Scientists smashed sub-atomic particles into each other with record energy on Tuesday, aiming to recreate conditions just after the Big Bang that gave rise to the universe 13.7 billion years ago.

The experiment at the European Center for Nuclear Research (CERN) drew applause from the 80 scientists in the tracking room at the sprawling research complex on the French-Swiss border.

It just shows what we can do in pushing knowledge forward on where we came from, how the early universe evolved, CERN Director-General Rolf Heuer said.

The collisions, the high point so far of the 10 billion Swiss franc ($9.4 billion) experiment, which will continue for years, marked a significant step forward for physics and could be seen as a giant leap for mankind, he said, speaking in a video relay from Tokyo.

CERN's Large Hadron Collider (LHC), the world's biggest machine, slammed beams of particles together at a record collision energy of 7 tera-electron volts (TeV) or 7 million million electron volts -- three and a half times faster than previously achieved in a particle accelerator.


Data from the collisions over the coming years will be analyzed by thousands of scientists around the world linked by a computer network known as the Grid to gain insights into the nature of matter and the origins of stars and planets.

This is a step into the unknown. We are doing something that no one has done before. We hope we find things that are really new, said CERN research director Sergio Bertolucci.

There are known unknowns out there, like dark matter and new dimensions about which we hope to learn. But it is possible that we will find some unknown unknowns which could be hugely important for mankind. With the LHC, we have the tool that we need.

The collisions took place at a nano-fraction of a second slower than the speed of light in the LHC's 27 km (16.8 mile) tunnel about a hundred meters (330 feet) below ground.

CERN scientists expect the project to lift the veil on some of the mysteries of the cosmos -- how matter was converted to mass after the fireball of the Big Bang and what is the dark, or invisible, matter that makes up an estimated 25 percent of the universe.

In the course of 2010 and 2011 we will be compiling the data and we expect to make real discoveries, Oliver Buchmueller, one of the key figures in the experiment, told Reuters.
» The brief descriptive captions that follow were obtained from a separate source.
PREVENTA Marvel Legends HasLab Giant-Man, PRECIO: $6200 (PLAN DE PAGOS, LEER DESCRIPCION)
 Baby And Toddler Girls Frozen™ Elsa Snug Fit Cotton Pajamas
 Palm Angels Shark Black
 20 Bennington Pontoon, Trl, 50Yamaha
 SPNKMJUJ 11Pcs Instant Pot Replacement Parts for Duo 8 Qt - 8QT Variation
By the end of 2010 we think we will find evidence of dark material and confirmation that it is there and what it is.

Buchmueller said he thought the experiment would only find the theoretical particle known as the Higgs boson after 2013, when the collider is boosted to collision energy of 14 TeV.

The Higgs boson, named after the Scottish physicist who proposed it three decades ago to explain the origin of mass in the universe, is believed to have made possible the emergence of stars, planets and eventually life from the matter that spewed out of the Big Bang.

The experiment was delayed for a few hours by technical glitches with the power supply and an over-sensitive magnet safety system. This led the physicists to suspend the mega-power particle collisions.

After the problems arose as beams were injected into the collider in the early morning, CERN officials were quick to dismiss any suggestion that it was a repeat of a major incident in September 2008 that seriously damaged parts of the experiment and delayed the full launch of the project until now.